Most of us don't need a four season tent, and the top rated tents we discussed earlier will serve you extremely well, and reliably. But this particular tent is for those who know they'll need more, or are simply preparing for the worst conditions. On Amazon, one reviewer wrote: "OK its a little more money then a Coleman, but when you factor in the fact I will have this tent for twenty years, it is well worth it."
First, the name Big Agnes needs no introduction to anyone who spends anytime outdoors... they are well known for making rugged outdoor gear (albeit a little pricey). This tent features two areas, one larger area can serve as the sleeping quarters while the other can serve to fix your meals, or even add more sleeping space (still consider this a tent for 5 people max, even with both sections). Features that make this a stellar tent are the large vestibule so that when you're coming in out of the rain or snow you can shake off and remove your boots and clothes before entering the main areas. You can also stow your packs out there at night for added sleeping room.

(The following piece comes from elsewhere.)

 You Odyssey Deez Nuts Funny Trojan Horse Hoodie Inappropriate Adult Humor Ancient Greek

The tent is well ventilated to prevent condensation and of course, it has a heavy duty and solid fly that protects you from the elements. This tent is sealed from top to bottom, so there is no real need to seal these seams before using (though I would and of course regular annual maintenance would include sealing the seams, for me). It's not as simple to pitch this tent, but it's not difficult either; Big Agnes uses color coding on the tent, fly and poles to help you set it up quicker. If I were heading into nasty weather and needed a four season tent, this is the one I would buy myself, no doubt about it. I've been wet and cold enough times to know I don't care for it.
Backpacker.com wrote this about the Big Agnes:"You know a tent is big when you have to decide which room to sleep in. Such is the dilemma with this four-season palace. For high-mountain base camps and family camping trips in challenging weather, the six-person Flying Diamond combines deluxe space with true storm-worthiness."

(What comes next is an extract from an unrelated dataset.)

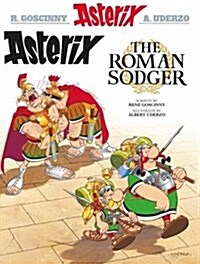 Asterix the Roman Sodger (Scots) (Paperback)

Ultra Light 5 Person Backpacking Tent
Not really an option, just a discussion
When you're backpacking with larger groups, as we often do, you're simply not going to pack in a 5 person tent in most cases. Instead you'll have a mixture of one and 2 person, maybe a 3 person, backpacking (ultralight) tent. As you know, space and weight are at a premium when backpacking. When you really want to pack in just one tent for a group of four or five people while backpacking on shorter trips then you will most likely be dividing up the components so that one person carries the fly, another the canopy, and someone else the poles and stakes. In a case like that you'll want the lightest, quality tent that you can afford, and either the Eureka Apollo 9 or the ALPS Mountaineering Meramac would do. While the Eureka comes in a full pound lighter, if it were me I would still opt for the Alps for quality reasons.
If you're looking for something smaller, in the ultralight category, check out something like the NEMO Espri.